I mean really, do independent directors matter? – OPINION

Published at Nov 25, 2015, in Features

Yesterday’s result from the Harvey Norman (ASX:HVN) annual general meeting shows that if it weren’t immediately apparent, retail investors have very little power in the game when it comes to the big boys.

There have long been rumblings about the way the retailer operates, particularly with the make-up of its board.

Harvey Norman has claimed three of its nine non-executive board members are ‘independent’, except they’re not exactly the hands-off figures you may expect.

Christopher Brown, Kenneth Gunderson-Briggs and Graham Paton in particular have been queried as to their independence.

These three men in particular have been on the board for 28 years, 12 years, and eight years respectively.

Doesn’t give you the sort of independence you want from an independent director.

Harvey Norman is by no means a bad-performing company, indeed in the latest financial year it reported net profit after tax growth of 26.6% on the previous year to $268.1 million.

In the past year, its shares have gone up about 7.5% to $4.05.

This beats investing in Myers, which has suffered share price loss of over 40% in the previous year.

According to the Sydney Morning Herald under persistent questioning about the independence of its board, Harvey responded with incredulity, likening Harvey Norman to a family company rather than a public company.

“If we have people who don’t think like that they’re not on the board – that’s why we don’t like criticism from uninformed people because we know how hard we work,” he was quoted as saying.

“If you don’t believe us, sell your shares and stop complaining – buy your shares from other retailers who you think do it better.”

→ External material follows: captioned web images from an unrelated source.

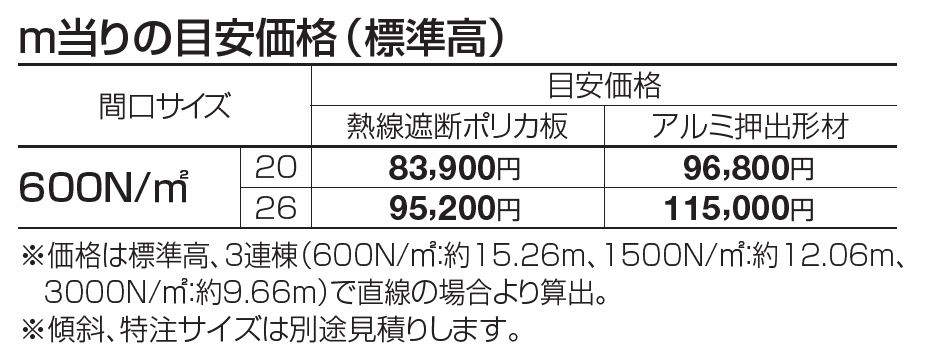 メリールーフHタイプ 600N/㎡【2023年版】_価格_1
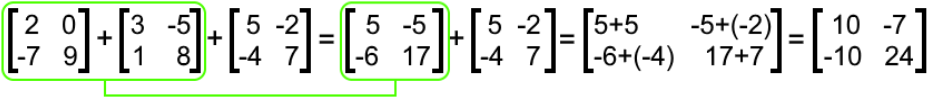 Properties of Matrix Addition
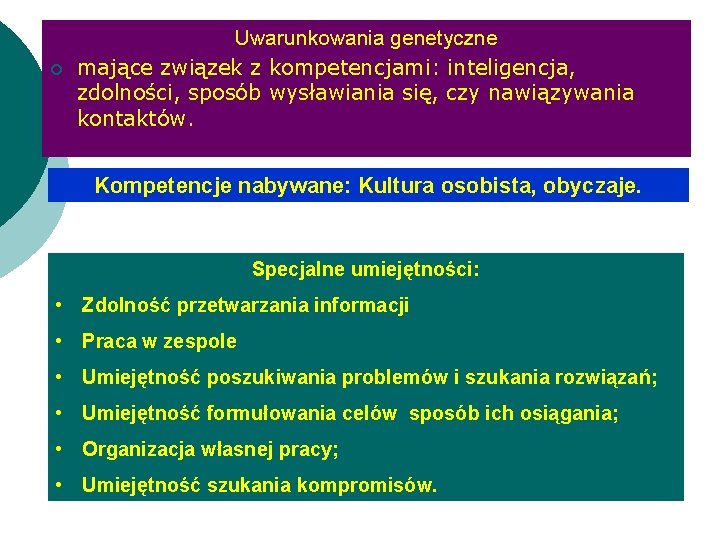 ¡ Uwarunkowania genetyczne mające związek z kompetencjami: inteligencja, zdolności, sposób wysławiania się, czy nawiązywania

In fact, just on 5.36% of shareholders ended up voting against the company’s renumeration report. But, of course that’s a misleading number.

It turns out that 5.36% of shares were used to vote against the report. It may very well be that the dissenters represent a larger proportion of shareholders, but the institutional shareholders hold most of the cards.

Mad about milk

A lot of the incredulity about Harvey Norman’s recent strategy has centred around a rather unexpected move into dairy this year.

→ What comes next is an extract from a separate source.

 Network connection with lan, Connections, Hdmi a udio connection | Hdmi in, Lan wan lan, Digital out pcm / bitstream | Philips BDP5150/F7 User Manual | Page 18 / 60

Back in September shareholders in HVN found out that they weren’t really invested in a retailer but an agriculture company.

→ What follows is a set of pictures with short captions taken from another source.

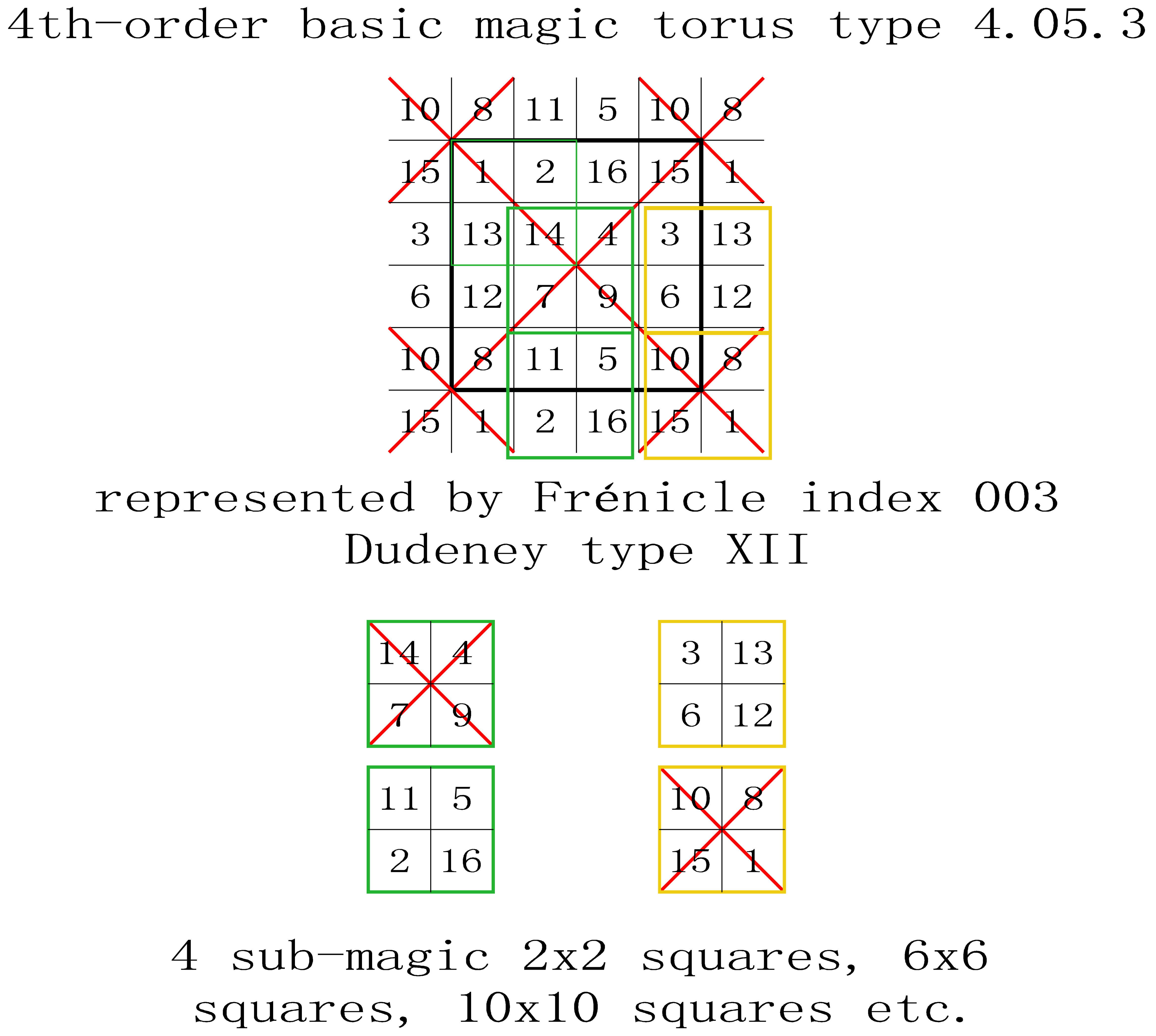 order 4 basic magic torus type T4.05.3 sub-magic 2x2 squares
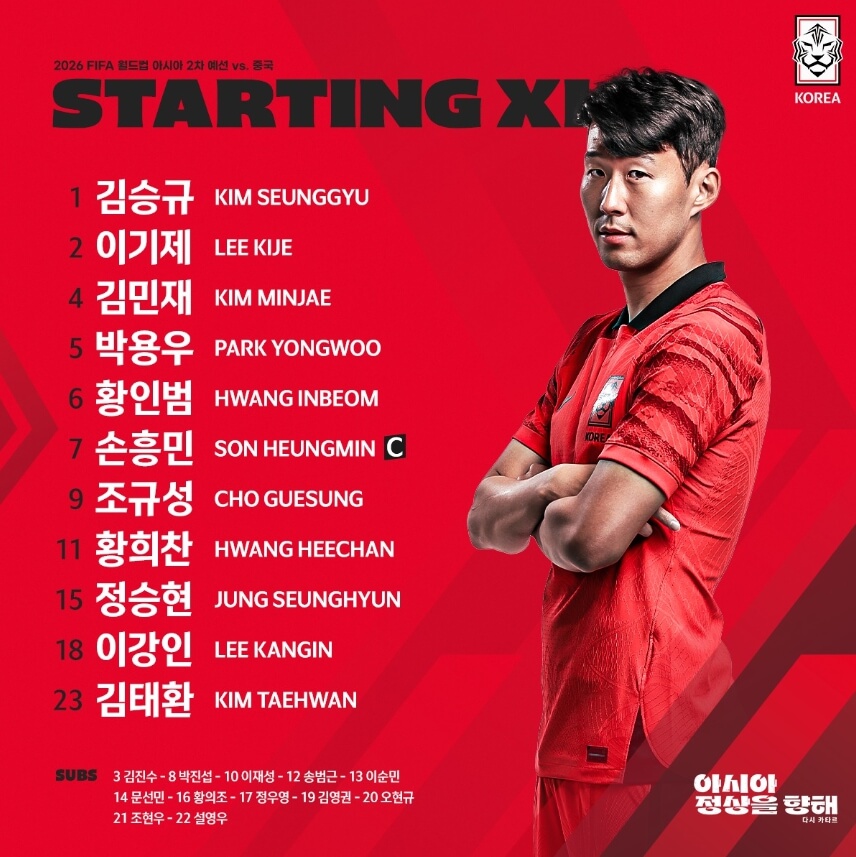 2026 월드컵 예선 한국 vs 중국 선발 선수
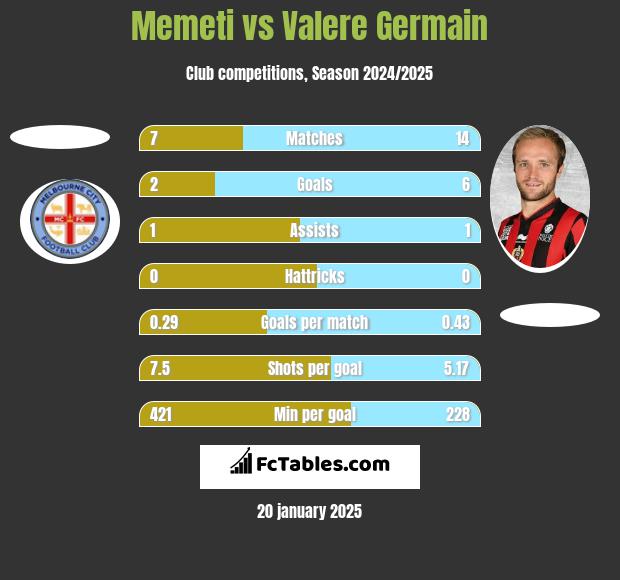 Memeti vs Valere Germain h2h player stats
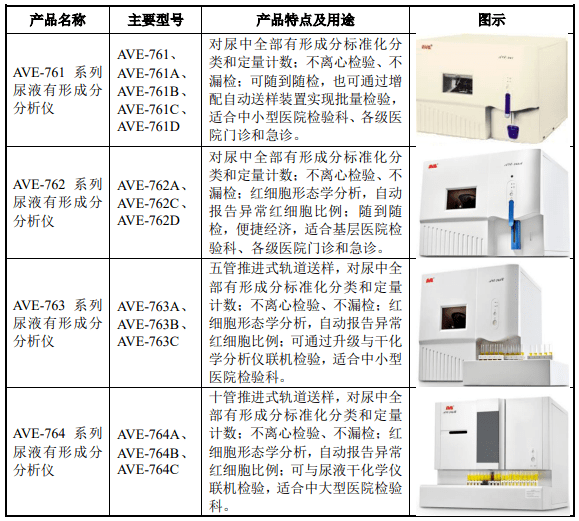 代理插座赚钱吗？深度探讨插座代理业务的盈利潜力与前景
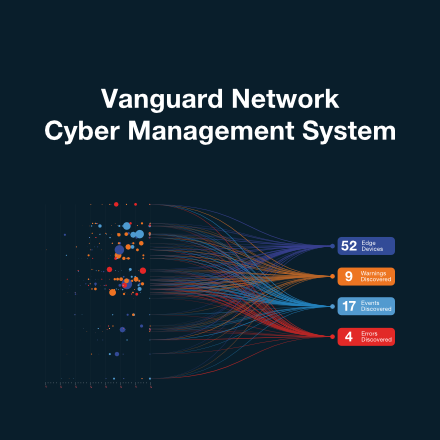 NelysisSecurity's tweet image. Vanguard is the gatekeeper who never sleeps! Unlike other systems that were &quot;adopted&quot; from the IT and OT technologies, Vanguard was designed for #PhysicalSecurity and #ControlNetworks. Read more here: ow.ly/3NIT50tjKJ4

It turned out that HVN had taken a 49.9% stake in a Victorian dairy farm for $39.9 million.

HVN gave very little indication as to why it invested shareholders’ money in the dairy industry.

That’s somewhat of an about-face.

While the rationale for the acquisition later played out in the press, there was a fairly short statement to the ASX about it.

There was no rationale, no slide deck, no explanation to shareholders about the deal or why the company had elected to take this step with shareholders’ cash.

For some, it smacked of the type of decision which could be made without strong independent directors providing a dissenting voice to the Harvey family.

That’s not to say some confusing decisions haven’t been made by companies with strong, independent boards, but there’s likely less chance of independent directors providing no opposition to such a plan.

If HVN investors wanted to be exposed to dairy, they’d invest in a company which does dairy as its primary business.

The voice of sanity?

So does an independent director actually provide the voice of sanity within the boardroom or are they just there for appearance’s sake and to pick up the paycheque?

The Australian Shareholders Association, which acts as an advocate for retail shareholders, says that independent directors really shouldn’t be on the board for more than 12 years.

It also says the majority of the board should be genuinely independent.

“A majority of the board should be comprised of genuinely independent directors,” it says in its voting guidelines for ASX 200 companies.

“Strict independence criteria includes issues such as tenure, associations and related party transactions. Where there is not a clear majority of independent directors, ASA may oppose the re-election of directors classified as ‘not independent’.”

The reasoning is that non-executive directors are more likely to pipe up and provide some kind of opposition for shareholders when companies are on the brink of making potentially baffling decisions.

It’s easier to do that if you’re not good mates with the CEO or chairman.

One of the most dangerous things you can do in business is, to put it bluntly, believe your own bullshit.

Ideally, independent directors provide that guard against hubris and is why it’s vital for large companies such as HVN to make sure their boards are largely independent.